4 Things Employees Wish Their Managers Did More
The gap between employee and manager can often seem impossibly wide and as a result employees rarely want to offer constructive criticism to their superiors at work.
But what would they say if they could? The University of Edinburgh asked 1,000 employees what aspect of their managers they would change, and many of the responses came down to improvement on their social and interpersonal skills. Normally someone is promoted for their quality of work and hard skills rather than soft skills such as mannerisms and personality.
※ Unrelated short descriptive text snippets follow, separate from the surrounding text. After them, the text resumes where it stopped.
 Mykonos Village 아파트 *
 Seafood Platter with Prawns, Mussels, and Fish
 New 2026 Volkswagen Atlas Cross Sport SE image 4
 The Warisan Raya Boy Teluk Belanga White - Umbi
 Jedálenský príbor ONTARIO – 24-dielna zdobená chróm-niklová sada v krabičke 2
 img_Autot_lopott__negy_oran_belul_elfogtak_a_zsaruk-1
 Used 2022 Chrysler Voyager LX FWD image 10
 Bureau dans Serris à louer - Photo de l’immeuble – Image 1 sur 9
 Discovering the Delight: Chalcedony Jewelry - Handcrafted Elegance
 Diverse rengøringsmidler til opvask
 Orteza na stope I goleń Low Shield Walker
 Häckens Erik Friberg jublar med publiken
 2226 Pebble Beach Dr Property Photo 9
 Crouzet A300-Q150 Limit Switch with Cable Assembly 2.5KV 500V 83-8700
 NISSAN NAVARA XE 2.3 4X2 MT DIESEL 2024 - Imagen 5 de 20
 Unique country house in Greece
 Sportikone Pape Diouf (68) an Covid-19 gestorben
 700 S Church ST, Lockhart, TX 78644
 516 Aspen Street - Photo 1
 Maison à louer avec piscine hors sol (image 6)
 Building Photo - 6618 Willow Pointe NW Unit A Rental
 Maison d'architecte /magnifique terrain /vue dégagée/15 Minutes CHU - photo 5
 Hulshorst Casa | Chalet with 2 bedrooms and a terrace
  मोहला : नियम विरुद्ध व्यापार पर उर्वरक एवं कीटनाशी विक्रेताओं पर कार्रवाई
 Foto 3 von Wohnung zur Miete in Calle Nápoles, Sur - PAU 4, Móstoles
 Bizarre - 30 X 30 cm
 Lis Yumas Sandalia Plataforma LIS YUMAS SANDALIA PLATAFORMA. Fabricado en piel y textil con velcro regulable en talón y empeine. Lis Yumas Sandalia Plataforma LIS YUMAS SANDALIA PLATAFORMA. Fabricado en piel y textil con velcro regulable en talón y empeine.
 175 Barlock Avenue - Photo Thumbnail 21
Here are some of main pointers that employees wish their managers did more:
Procurement of adequate resources
The main job of the management team is to make sure that their teams have everything required to meet deadlines and fulfil goals. This is not only including material resources, but also getting necessary information from other departments, obtaining more time, or funding for advertising for projects etc. Without this, even the most dedicated employee is set up for failure.
Praise & thanks
Acknowledgement can go a long way when it comes to keeping employee morale high. Managers who notice when tasks are completed to a high standard and consequently thank or praise the responsible parties are much more likely to have a happy and hard working team.
Communication is key
Lack of communication was the number one issue employees had with their Managers. Communicating expectations, deadlines, objectives, and also ensuring communication between staff members is happening and to a high standard. If you can’t communicate well, you will never be an effective manager.
Trust & respect
Micromanagement is an issue that will rapidly wear away employee satisfaction. Employees want to know their managers respect them not only enough to give them an important project, but also that they are trusted enough to complete it without checking up or further delegation. It shows trust when you make yourself available for questions, however wait until they come to you rather than constantly asking and offering a different opinion.